AIM OF THE EXERCISE> Write out exactly the lines of the entries below from the one holding "前屈や背伸びなど、基本的な体" to the one holding "beautiful pin-up girl", inclusive, and leave out all other lines.

===== MATERIAL SUPPLIED

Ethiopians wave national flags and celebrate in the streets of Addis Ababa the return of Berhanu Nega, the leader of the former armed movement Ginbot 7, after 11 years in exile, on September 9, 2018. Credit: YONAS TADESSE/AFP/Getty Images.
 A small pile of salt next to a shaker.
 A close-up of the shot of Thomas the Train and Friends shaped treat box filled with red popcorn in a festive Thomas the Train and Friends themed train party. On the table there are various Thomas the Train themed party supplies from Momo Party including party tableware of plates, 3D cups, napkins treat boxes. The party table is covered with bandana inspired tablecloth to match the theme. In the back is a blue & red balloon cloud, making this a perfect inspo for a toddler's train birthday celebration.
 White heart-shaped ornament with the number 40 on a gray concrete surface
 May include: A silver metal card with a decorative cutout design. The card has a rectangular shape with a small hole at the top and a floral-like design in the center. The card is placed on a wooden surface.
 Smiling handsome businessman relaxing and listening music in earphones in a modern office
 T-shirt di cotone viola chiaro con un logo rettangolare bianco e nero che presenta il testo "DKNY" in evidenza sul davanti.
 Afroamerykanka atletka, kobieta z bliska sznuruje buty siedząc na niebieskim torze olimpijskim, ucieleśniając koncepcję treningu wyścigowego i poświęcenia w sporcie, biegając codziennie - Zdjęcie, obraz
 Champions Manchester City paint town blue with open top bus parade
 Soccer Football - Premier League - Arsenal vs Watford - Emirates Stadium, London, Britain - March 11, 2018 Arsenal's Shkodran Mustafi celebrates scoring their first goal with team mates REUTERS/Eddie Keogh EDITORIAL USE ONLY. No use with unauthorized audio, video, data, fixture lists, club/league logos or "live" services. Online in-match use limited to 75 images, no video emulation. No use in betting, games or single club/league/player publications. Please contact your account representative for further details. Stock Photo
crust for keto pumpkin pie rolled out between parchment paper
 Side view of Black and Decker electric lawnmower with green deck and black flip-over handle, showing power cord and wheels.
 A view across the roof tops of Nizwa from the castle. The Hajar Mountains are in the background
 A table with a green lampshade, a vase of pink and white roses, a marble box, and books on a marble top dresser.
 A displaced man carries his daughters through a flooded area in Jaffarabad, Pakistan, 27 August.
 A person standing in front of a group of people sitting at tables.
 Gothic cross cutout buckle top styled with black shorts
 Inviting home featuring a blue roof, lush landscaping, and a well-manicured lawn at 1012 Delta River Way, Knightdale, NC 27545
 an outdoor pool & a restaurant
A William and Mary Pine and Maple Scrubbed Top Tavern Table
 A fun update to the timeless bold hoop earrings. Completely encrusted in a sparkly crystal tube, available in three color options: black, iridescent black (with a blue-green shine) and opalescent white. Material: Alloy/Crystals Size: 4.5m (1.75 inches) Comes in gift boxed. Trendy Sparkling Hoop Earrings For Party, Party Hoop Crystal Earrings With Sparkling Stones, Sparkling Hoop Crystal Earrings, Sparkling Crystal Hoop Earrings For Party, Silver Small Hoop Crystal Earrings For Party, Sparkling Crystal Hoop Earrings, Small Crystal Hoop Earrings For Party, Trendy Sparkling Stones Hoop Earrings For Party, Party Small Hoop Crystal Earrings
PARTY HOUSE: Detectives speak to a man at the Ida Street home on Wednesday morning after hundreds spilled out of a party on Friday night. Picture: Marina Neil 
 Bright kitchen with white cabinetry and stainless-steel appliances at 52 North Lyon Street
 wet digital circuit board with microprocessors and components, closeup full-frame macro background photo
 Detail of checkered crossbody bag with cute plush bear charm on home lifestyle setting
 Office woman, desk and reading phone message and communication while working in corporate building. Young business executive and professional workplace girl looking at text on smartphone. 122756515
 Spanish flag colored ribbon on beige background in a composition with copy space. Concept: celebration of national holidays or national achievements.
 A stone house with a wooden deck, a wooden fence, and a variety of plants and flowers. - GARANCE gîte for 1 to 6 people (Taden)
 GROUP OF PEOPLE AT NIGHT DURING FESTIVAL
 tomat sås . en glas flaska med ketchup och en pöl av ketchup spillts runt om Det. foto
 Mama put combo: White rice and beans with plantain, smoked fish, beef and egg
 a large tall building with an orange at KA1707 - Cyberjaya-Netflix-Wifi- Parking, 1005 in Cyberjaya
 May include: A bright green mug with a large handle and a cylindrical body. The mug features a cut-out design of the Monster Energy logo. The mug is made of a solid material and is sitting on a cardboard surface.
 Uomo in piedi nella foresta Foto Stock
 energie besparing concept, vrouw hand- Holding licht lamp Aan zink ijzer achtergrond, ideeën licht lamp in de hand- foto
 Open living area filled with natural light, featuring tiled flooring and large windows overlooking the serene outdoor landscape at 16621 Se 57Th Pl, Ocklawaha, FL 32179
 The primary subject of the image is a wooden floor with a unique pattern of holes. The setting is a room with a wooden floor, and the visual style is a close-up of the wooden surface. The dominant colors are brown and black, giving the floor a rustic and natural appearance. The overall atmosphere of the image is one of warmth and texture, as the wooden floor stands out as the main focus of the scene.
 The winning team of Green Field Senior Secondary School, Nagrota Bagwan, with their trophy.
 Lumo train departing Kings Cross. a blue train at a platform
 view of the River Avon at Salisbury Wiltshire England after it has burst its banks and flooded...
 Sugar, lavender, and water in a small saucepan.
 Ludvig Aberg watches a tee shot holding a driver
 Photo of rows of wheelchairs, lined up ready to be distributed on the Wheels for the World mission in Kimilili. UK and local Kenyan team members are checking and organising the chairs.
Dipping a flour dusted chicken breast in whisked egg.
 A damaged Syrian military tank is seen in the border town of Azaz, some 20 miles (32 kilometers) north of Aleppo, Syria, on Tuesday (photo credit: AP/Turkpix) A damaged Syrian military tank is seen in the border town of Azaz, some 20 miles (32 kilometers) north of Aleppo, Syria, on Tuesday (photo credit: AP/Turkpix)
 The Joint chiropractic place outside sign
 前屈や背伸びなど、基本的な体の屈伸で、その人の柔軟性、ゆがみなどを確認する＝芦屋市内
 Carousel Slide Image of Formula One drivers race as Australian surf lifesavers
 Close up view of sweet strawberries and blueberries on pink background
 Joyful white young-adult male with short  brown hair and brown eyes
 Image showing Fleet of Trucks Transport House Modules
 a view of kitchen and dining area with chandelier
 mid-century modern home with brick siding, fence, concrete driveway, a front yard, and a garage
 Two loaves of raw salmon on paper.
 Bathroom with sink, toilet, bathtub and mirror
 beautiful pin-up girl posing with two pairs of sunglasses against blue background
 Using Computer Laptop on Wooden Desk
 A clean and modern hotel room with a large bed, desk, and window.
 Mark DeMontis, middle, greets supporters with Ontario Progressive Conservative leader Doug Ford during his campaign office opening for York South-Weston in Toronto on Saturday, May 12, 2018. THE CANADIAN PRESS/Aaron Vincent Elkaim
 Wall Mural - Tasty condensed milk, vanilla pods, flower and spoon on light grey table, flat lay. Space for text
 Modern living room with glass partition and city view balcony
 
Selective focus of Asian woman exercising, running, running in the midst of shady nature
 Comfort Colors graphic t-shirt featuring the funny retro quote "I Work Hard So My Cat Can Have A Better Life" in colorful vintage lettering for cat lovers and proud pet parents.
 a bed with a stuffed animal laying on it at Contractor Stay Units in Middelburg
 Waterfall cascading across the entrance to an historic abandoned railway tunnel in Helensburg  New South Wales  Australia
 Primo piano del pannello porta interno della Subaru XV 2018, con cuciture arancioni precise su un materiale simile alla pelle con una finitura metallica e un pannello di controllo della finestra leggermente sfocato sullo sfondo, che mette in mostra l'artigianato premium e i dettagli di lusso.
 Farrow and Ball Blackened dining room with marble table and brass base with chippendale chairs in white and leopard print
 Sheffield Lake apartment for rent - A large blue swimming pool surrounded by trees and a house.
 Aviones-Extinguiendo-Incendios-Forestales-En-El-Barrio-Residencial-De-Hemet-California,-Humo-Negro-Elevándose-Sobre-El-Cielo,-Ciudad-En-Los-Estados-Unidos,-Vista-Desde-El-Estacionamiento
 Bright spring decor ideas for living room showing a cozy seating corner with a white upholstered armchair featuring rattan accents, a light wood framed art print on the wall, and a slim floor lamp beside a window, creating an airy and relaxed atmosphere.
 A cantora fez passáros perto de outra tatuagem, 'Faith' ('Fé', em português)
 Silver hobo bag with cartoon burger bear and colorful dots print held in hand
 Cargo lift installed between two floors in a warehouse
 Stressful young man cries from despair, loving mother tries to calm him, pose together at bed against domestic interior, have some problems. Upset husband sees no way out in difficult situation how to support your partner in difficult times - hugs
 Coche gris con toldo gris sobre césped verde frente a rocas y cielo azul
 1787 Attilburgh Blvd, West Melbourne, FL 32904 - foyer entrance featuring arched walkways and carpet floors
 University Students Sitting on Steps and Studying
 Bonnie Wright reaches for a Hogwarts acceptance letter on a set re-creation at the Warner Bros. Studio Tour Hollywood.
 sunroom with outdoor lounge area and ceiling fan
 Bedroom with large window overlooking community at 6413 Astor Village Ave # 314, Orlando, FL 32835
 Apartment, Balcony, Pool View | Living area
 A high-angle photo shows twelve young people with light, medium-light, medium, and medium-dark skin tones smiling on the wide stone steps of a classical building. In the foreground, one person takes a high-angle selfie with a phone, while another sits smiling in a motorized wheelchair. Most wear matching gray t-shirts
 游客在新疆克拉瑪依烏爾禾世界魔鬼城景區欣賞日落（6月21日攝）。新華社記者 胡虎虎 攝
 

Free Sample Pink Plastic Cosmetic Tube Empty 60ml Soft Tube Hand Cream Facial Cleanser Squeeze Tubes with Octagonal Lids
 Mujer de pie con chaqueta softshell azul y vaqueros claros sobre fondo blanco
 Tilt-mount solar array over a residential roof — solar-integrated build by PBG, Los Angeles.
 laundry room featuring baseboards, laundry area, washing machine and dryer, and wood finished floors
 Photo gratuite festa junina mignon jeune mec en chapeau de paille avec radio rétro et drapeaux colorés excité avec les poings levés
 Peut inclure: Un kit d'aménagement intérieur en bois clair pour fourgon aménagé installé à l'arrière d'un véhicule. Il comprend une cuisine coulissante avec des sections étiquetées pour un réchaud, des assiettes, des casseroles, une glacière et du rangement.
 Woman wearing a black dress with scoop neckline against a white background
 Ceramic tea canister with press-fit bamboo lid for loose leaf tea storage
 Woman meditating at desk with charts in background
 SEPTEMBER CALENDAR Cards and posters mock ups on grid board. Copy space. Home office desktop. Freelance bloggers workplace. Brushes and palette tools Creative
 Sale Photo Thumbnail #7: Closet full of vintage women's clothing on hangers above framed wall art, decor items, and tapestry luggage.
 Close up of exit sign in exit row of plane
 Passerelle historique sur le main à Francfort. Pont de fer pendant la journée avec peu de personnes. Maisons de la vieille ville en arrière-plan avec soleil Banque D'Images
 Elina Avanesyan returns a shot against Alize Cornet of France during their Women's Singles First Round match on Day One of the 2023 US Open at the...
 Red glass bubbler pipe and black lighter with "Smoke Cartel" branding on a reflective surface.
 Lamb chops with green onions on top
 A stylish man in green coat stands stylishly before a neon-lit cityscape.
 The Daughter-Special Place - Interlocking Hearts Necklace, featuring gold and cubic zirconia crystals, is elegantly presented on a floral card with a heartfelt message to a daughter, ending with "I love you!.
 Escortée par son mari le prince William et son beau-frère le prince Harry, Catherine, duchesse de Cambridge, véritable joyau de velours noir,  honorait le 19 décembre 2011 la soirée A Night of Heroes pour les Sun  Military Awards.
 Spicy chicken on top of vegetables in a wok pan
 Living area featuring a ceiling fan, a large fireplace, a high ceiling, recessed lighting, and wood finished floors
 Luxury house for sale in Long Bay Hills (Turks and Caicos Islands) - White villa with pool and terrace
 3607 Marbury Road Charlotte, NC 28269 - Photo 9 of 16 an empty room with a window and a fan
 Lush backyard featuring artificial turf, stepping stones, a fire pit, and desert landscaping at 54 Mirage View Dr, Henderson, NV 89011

==========

REPLY TO THE TASK>
 前屈や背伸びなど、基本的な体の屈伸で、その人の柔軟性、ゆがみなどを確認する＝芦屋市内
 Carousel Slide Image of Formula One drivers race as Australian surf lifesavers
 Close up view of sweet strawberries and blueberries on pink background
 Joyful white young-adult male with short  brown hair and brown eyes
 Image showing Fleet of Trucks Transport House Modules
 a view of kitchen and dining area with chandelier
 mid-century modern home with brick siding, fence, concrete driveway, a front yard, and a garage
 Two loaves of raw salmon on paper.
 Bathroom with sink, toilet, bathtub and mirror
 beautiful pin-up girl posing with two pairs of sunglasses against blue background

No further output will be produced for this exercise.